For a discussion on exchange rate fluctuations and their potential negative effect on our results of operations see "Risk Factors – Risks Related to our Business – Our financial results may be adversely affected by fluctuations in exchange rates, principally in the value of the Canadian dollar versus the U.S. dollar" in the 2025 Annual Information Form.
Scientific Research and Experimental Development Credits
We claim Canadian federal, and Quebec refundable investment tax credits based upon qualifying scientific research and experimental development expenditures ("SR&ED"). As a public issuer, we are no longer eligible for refundable Canadian federal SR&ED credits. However, we are still eligible for non-refundable Canadian federal SR&ED credits which may be applied to reduce future income taxes payable, and we also remain eligible to claim refundable SR&ED credits for Quebec income tax purposes, albeit at a lower rate than before becoming public.
We also claim research and development credits in the U.S. and in France.

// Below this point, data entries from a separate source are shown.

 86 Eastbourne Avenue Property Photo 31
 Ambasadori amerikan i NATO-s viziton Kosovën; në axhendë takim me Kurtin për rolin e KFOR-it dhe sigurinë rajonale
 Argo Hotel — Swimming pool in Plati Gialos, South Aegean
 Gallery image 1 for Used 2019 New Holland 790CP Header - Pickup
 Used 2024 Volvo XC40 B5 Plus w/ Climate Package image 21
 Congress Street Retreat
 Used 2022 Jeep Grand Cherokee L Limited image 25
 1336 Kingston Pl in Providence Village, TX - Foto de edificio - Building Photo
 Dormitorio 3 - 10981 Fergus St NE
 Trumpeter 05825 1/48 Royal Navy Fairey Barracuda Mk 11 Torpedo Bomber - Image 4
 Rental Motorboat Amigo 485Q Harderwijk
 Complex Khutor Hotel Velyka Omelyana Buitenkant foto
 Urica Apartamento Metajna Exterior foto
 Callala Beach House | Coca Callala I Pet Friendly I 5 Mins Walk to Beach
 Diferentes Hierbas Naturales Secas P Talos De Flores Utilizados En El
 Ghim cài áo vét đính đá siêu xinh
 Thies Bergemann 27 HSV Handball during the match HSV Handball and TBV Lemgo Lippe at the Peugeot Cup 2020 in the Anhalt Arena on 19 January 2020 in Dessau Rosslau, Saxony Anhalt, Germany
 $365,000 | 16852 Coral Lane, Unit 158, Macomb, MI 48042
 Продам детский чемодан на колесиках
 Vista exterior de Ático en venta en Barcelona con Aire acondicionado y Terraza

KEY COMPONENTS OF RESULTS OF OPERATIONS
Revenue
We deliver solutions for encoding, streaming, recording, managing, distributing, and displaying secure IP video and interactive media within broadcast, enterprises and defense. We offer an extensive product range as part of our end-to-end solution offerings. We offer these solutions to our end-clients through a combination of our direct sales force, supplemented by intermediary channel partners (i.e., fulfillment partners, resellers, systems integrators, and original equipment manufacturers).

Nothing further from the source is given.